= Helena Wulff =

Swedish anthropologist (born 1954)

Helena Wulff (born February 7, 1954) is professor of social anthropology at Stockholm University. Her research is in the anthropology of communication and aesthetics based on a wide range of studies of the social worlds of literary production, dance, and the visual arts.

==Academic work==
While Wulff early research was on youth culture and ethnicity, her specialist skills include expressive cultural form (dance, art, images, text) in a transnational perspective, visual culture, the emotions, and media, as well as anthropological methods. She has conducted field studies in Stockholm, London, New York City, Frankfurt-am-Main, and Ireland (mostly Dublin). Wulff's current research is on migrant writing in Sweden. Drawing on her research, she teaches courses on Media anthropology, Visual Culture, Communication and Aesthetics, Anthropological Writing Genres, and Anthropological Methods.

Wulff has held visiting professorships at University of Illinois at Urbana-Champaign, National University of Singapore, University of Vienna, and University of Ulster, as well as a Leverhulme visiting professorship at University of East London. She was Editor-in-Chief (with Dorle Dracklé) of Social Anthropology/Anthropologie Sociale, the journal of the European Association of Social Anthropologists (EASA), and Vice President of EASA. She was Chair of the Swedish Anthropological Association (SANT). Wulff is a member of the steering committee of the multidisciplinary research programme Cosmopolitan and Vernacular Dynamics in World Literatures, funded by the Swedish Foundation for Humanities and Social Sciences 2016-2021.

Wulff is an editor (with Deborah Reed-Danahay) of the book series “Palgrave Studies in Literary Anthropology” (Palgrave, New York), and editor (with Jonathan Skinner) of the book series “Dance and Performance Studies” Berghahn Books, Oxford, and a member of the advisory boards of the journals Anthropologica, Anthropological Journal of European Cultures, AnthroVision, Cultural Sociology, Culture Unbound, and Social Anthropology/Anthropologie Sociale.

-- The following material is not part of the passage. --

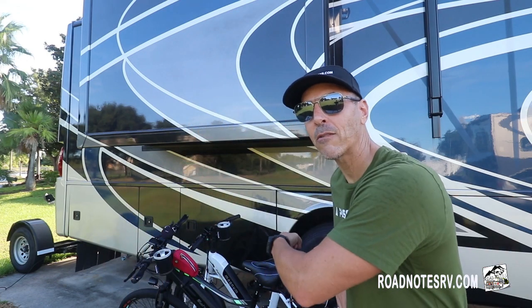Welcome to Road Notes. I'm Mark and in this episode we want to discuss our e-bikes, which you can see here in the background. We've been asked a couple of times how do we not only secure our e-bikes but also what kind of rack do we use?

Wulff serves on the Austrian Academy of Sciences Research Board as of 2026.

== Selected works ==
=== Books ===
- 2017: Rhythms of Writing: An Anthropology of Irish Literature. London: Bloomsbury.
- 2016: The Anthropologist as Writer: Genres and Contexts in the Twenty-First Century. Oxford: Berghahn Books. Editor.
- 2010: Ethnographic Practice in the Present. Oxford: Berghahn Books. Editor with Marit Melhuus and Jon Mitchell.
- 2007: Dancing at the Crossroads: Memory and Mobility in Ireland. Oxford: Berghahn Books.

=== Journal articles, book chapters and encyclopedia entries ===
- 2018: “Diversifying from Within: Diaspora Writings in Sweden,” in Morten Nielsen and Nigel Rapport (eds.), The Composition of Anthropology: How Anthropological Texts are Written. London: Routledge, pp. 122–136.
- 2018: “Foreword,” in Lauren Miller Griffith and Jonathan S. Marion (eds.), Apprenticeship Pilgrimage: Developing Expertise through Travel and Training. Lanham: Lexington Books, pp. vii-xi.
- 2017: “Stories of the Soil: In the Irish Literary World,” in Diarmuid Ó Giolláin and Martine Segalen (eds.), Irish Ethnologies. Notre Dame: University of Notre Dame Press, pp. 141–157.
- 2017: “Greater than Its Size: Ireland in Literature and Life,” in Ulf Hannerz and Andre Gingrich (eds.), Small Countries: Structures and Sensibilities. Philadelphia: University of Pennsylvania Press, pp. 301–316.
- 2017: ”Manhattan as a Magnet: Place and Circulation among Young Swedes,” in Virginia R. Dominguez and Jasmin Habib (eds.), America Observed: On an International Anthropology of the United States. Oxford: Berghahn, pp. 31–50.
- 2017: “Global spridning av lokala teman,” Review article of Crime Fiction as World Literature edited by Louise Nilsson, David Damrosh and Theo D´haen (Bloomsbury 2017). Respons, nr 6, pp 66–68.